Entre autores favoritos que te fueron mostrados en la lejana juventud, como Tolstói y Dostoyevsky, Harold Bloom destaca y prefiere al octogenario conde del «cristianismo primitivo», por sobre el atormentado autor de Memorias de la Casa Muerta. Discrepo de este juicio y, más aún, del de Nabokov, en particular, cuando sostiene, sin ambages, desde su posición de sesgo ruso aristocratizante:
«Tolstói es el mayor escritor ruso de ficción en prosa. Dejando aparte a sus predecesores Pushkin y Lérmontov, podríamos enumerar así a los más grandes artistas de la prosa rusa: primero, Tolstói; segundo, Gógol; tercero, Chéjov; cuarto, Turguéniev».
Y llama a Dostoyevsky «artista muy inferior», respecto de los nombrados.
Me hubiese gustado conversar con el autor de Lolita, para darle a conocer mi discrepancia, pero ya que eso es imposible, me remito a estos diálogos articulados desde la lectura, comparativa y analógica, de los textos.
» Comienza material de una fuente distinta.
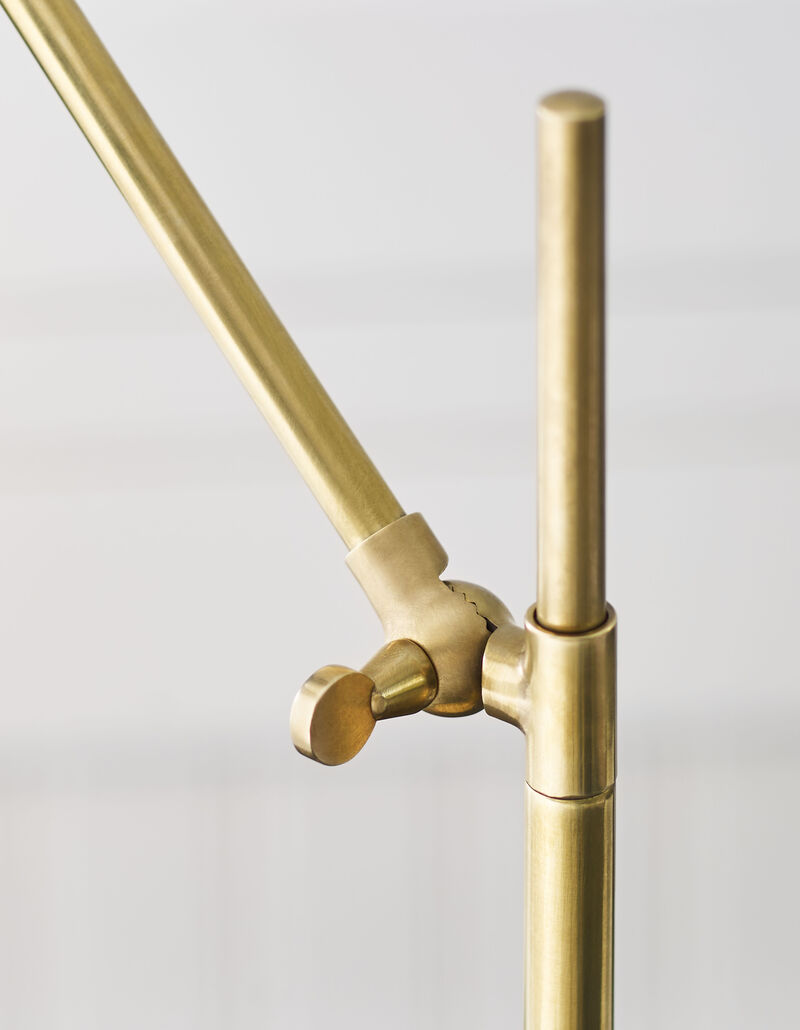 Clemente Table Lamp
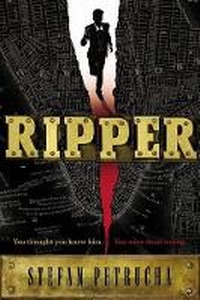 Enlarge image Cover: Ripper - Speak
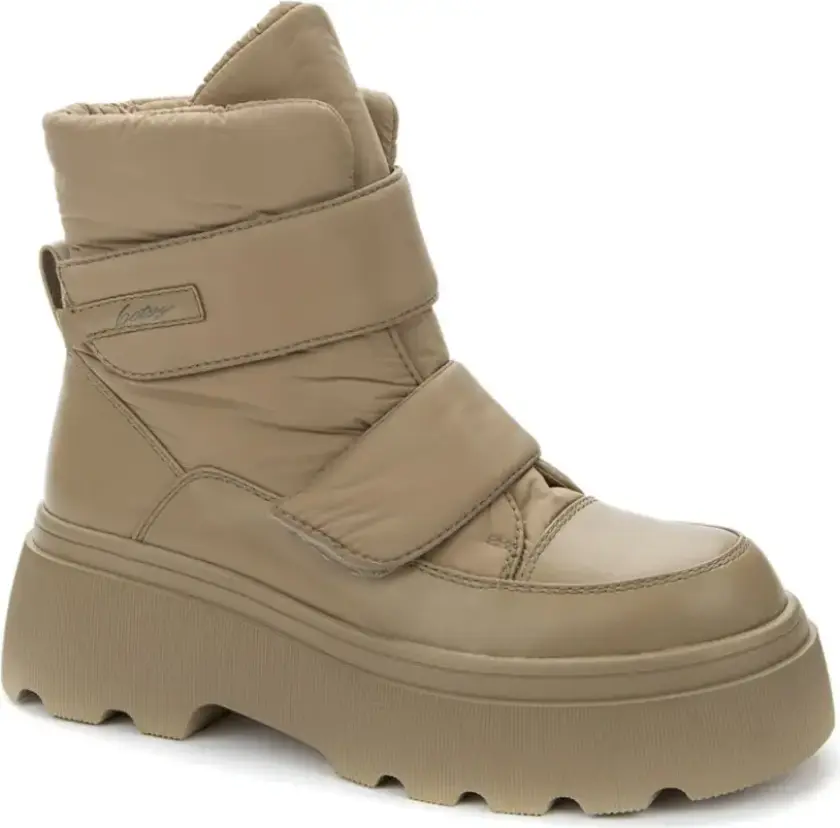 Dame, Sko, Beige, 36 EU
Es lo que hago con Norman Mailer cuando escribe de uno de sus autores predilectos, Ernest Hemingway, al que yo admiro como narrador de cuentos y relatos autobiográficos, más que como novelista. A propósito, Hemingway es uno de los escritores más denostados por su vida privada y pública (no existen deslindes de estos ámbitos, al parecer, en la existencia de los grandes creadores), como ocurre con nuestro Pablo Neruda, odiado por muchos derechistas que jamás lo han leído; objeto de críticas acervas, hoy en día, por grupos de furibundas feministas que ensucian con grafitis su efigie. En esto concuerdo con Nabokov:
«Yo detesto el entrometimiento en las preciosas vidas de los grandes escritores, y detesto el asomarme a fisgar en esas vidas; detesto la vulgaridad del ‘elemento humano’, detesto el frufrú de faldas y risillas por los pasadizos del tiempo…».
Al finalizar el ensayo sobre Lev Tolstói, Harold Bloom destaca y pondera su última novela, escrita a los ochenta años, Hadji Murad, que es la historia, hecha arrebatadora ficción, de un líder musulmán que combatió contra el imperialismo ruso, encabezado por el zar Nicolás I, enemigo acérrimo del Islam, durante la primera década del siglo XIX, sucumbiendo como un héroe inmolado en la batalla.
Su análisis me resulta tan convincente, que veo desplegarse un nuevo abanico. Acaricio sus varillas con la paciencia de la vejez, aunque sé que voy a buscar el libro, porque aún no me abandona el vértigo incesante del verbo literario.